#49 33⅓ Main Series

Achtung Baby

Stephen Catanzarite
2.84
224 ratings 48 reviews
Achtung Baby is a sobering album - U2's troubled, troubling, and most fully-realized effort. While many parts of the world were awakening from the assorted nightmares of the 20th century, U2 seemed to be entering the dark night of the soul. Once, the band summoned the sound of the trumpet blast that brought down the walls of Jericho. On Achtung Baby, the trumpet is often muted, somberly playing taps over the ashes of lost love, lost hope. In many ways, this dazzling and prophetic album seems to foreshadow the disintegration of the old world order and the splintering of traditional alliances which have marked the start of the third millennium. Add to that its nervous ruminations on the many facets and demands of love (romantic, erotic, and filial) and you have an album that Bono rightly called a "heavy mother". This book considers Achtung Baby through the prisms of politics, spirituality, and music.
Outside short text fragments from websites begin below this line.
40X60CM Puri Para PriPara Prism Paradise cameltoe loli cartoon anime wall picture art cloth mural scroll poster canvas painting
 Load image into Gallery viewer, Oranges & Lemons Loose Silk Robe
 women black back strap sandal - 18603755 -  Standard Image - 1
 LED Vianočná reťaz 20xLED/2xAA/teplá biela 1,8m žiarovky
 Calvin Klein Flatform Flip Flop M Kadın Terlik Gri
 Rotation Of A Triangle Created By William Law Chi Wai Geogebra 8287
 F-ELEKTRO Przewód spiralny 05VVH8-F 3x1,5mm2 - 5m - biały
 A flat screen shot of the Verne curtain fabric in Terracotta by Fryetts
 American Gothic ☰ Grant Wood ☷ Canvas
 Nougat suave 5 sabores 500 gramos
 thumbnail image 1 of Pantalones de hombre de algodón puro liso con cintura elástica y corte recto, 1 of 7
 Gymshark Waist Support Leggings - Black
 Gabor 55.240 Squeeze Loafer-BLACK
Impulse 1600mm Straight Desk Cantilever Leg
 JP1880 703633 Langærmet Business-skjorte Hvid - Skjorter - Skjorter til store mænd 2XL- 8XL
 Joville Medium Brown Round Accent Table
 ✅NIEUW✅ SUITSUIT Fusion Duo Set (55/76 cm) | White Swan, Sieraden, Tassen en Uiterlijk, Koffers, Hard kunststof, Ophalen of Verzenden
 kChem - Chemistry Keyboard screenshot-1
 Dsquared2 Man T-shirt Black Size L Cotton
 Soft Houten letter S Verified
In the words of the author, "While this book is written chiefly as a series of reflections, it is not entirely meditative. Arguments are advanced and there is some wrestling with the mysteries of life, death, love, betrayal, God, man, woman, sin, salvation, time, and eternity. I invite the reader to pause from time to time to simply think about those mysteries - and I offer no apology if any of that sounds pretentious. Without a fair amount of pretension, rock and roll would never have made it past 1955, and U2 would never have made it out of Dublin."